Would LeBron James have played better in the NBA Finals if he played four years of college basketball?
My dad thinks playing college ball would have helped LeBron in the Finals. He thinks players who spend four years in college make better NBA players than those drafted out of high school. Michael Wilbon made a similar argument in a column on espn.com about LeBron’s performance in the NBA Finals.
The numbers, however, say otherwise. High school players drafted into the NBA have been 144% more productive than players drafted from colleges and foreign leagues.
This article will use Wins Produced, a statistical model created by sports economist David Berri from the Wages of Wins Journal, to measure how much a player's box score statistics contributed to their team's efficiency differential and wins. An average player produces 0.100 wins per 48 minutes (WP48), a star player produces +0.200 WP48 and a superstar produces +0.300 WP48. More information on this stat can be found at the following links:
What Wins Produced Says and What It Does Not Say
Calculating Wins Produced
Frequently Asked Questions
Below is a list of the wins produced by NBA draft picks from high schools, foreign leagues and colleges since 1977 (the stats required to calculate Wins Produced were not tracked in NBA box scores until the 1978 season).
- 39 High school players: 1,496.1 wins produced in 525,012 minutes, 0.137 WP48
- 151 Foreign players: 1,685.1 wins produced in 802,189 minutes, 0.101 WP48
- 60 College freshmen: 1,065.8 wins produced in 548,422 minutes, 0.093 WP48
- 120 College sophomores: 3,207.0 wins produced in 1,315,267 minutes, 0.117 WP48
- 221 College juniors: 6,471.0 wins produced in 2,582,741 minutes, 0.120 WP48
- 1,751 College seniors: 21,408.1 wins produced in 11,929,903 minutes, 0.086 WP48
The 39 high school players drafted into the NBA since 1977 have the second-lowest total of wins produced but that’s because they have played the least amount of minutes. If those 39 high school players had played the same amount of minutes as the players from foreign leagues and colleges, then they would have produced over 15,000 more wins than those players combined. If they had played as many minutes as the college seniors, then the high school players would have produced 12,641.8 more wins than them.
I think the memories and analysis of people like my dad and Wilbon are skewed by focusing only on the best players. Does the analysis change if it just focuses on the best players in the NBA with four years of college experience?

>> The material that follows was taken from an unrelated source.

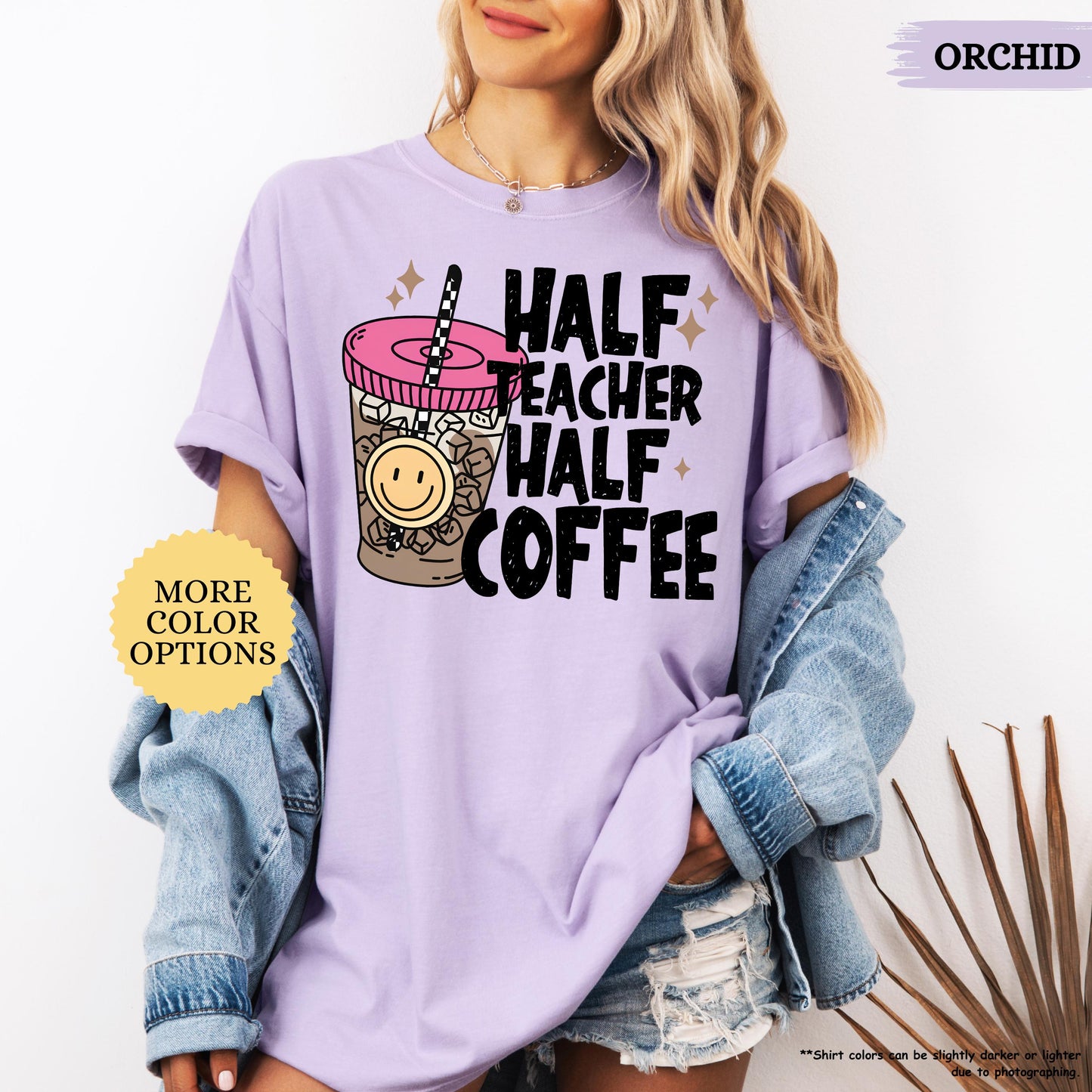Comfort Colors® Half Teacher Half Coffee Shirt, Teacher Coffee Shirt, Funny Teacher Shirt, Coffee Lover Gift, Teacher Gifts, Back To School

Since scoring dominates most people’s player evaluation, let’s just focus on the top 10 scorers in the NBA since 1977 (based on points per game) that were drafted as high school players and college seniors:
- Top 10 high school players in PPG: 20 PPG, 1,113.6 wins produced, 0.217 WP48
- Top 10 college seniors in PPG: 20.5 PPG, 1,255.6 wins produced, 0.208 WP48
The best high school scorers are still more productive than the best scorers with four years of college experience but there’s not a big difference. LeBron is currently the highest scoring player drafted from high school (27.7 PPG career average) and Larry Bird is the highest scoring player drafted as a college senior (24.3 PPG career average). LeBron’s in good company so far.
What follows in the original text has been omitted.